# When my Son was 2....



## Kenpojujitsu3 (Mar 22, 2007)

...I began teaching him Ju Jitsu...







...when he became 4 I added Kenpo....






...Yesterday at age 6 I thought I could still take him. So I tackled him to the ground from behind and started raining punches. This nut rolls to guard and blocks punches with his feet....I thought it was luck he was blocking...he proved me VERY wrong so we took some pics of the final result.











Hawkins IV by armbar. The surprising part is 1) I didn't give him the arm he got it himself 2) I didn't tell him what to do or how to do it so all the "details" the grapplers see he did on his own and 3) we haven't worked Ju Jitsu or Kenpo in a long time together as he seemed to lose interest and I didn't want to force him. I'm beyond happy right now, I guess it's time to start teaching him again?

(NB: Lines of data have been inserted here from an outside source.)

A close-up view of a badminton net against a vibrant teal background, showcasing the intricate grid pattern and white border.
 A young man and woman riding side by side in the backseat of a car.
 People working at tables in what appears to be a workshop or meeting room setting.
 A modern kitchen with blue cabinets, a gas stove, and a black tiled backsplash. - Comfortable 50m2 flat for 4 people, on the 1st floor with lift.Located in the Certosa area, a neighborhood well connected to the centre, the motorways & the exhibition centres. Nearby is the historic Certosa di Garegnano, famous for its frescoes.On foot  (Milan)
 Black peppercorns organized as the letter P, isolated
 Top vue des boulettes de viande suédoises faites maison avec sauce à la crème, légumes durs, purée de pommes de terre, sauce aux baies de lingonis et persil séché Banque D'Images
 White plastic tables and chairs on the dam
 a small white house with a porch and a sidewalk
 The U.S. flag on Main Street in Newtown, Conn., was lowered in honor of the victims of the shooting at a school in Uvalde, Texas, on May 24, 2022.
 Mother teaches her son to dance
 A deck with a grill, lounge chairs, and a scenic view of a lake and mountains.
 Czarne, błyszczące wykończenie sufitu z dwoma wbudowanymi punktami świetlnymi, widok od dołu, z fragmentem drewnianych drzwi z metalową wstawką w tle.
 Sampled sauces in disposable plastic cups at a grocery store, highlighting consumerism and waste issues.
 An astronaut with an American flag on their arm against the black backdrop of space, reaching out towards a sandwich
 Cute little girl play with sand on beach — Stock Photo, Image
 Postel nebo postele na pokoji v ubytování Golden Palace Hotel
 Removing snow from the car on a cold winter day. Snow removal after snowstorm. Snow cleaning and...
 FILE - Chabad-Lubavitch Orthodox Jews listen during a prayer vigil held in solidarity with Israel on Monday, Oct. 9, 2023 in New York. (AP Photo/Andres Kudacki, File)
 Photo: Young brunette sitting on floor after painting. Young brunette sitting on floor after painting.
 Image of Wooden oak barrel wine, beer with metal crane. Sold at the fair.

Just felt like sharing, this is a good time for me.


----------



## terryl965 (Mar 22, 2007)

Very nice see childern can learn to develope that instrinct.


----------



## IWishToLearn (Mar 30, 2007)

Congratulations James - I'm sure you're beyond proud.


----------



## morph4me (Mar 30, 2007)

Great pics. You have alot to be proud of. Thanks for sharing


----------



## Doc (Mar 30, 2007)

Kenpojujitsu3 said:


> ...I began teaching him Ju Jitsu...
> 
> 
> 
> ...


Dam, I've been talking to the wrong Hawkins.


----------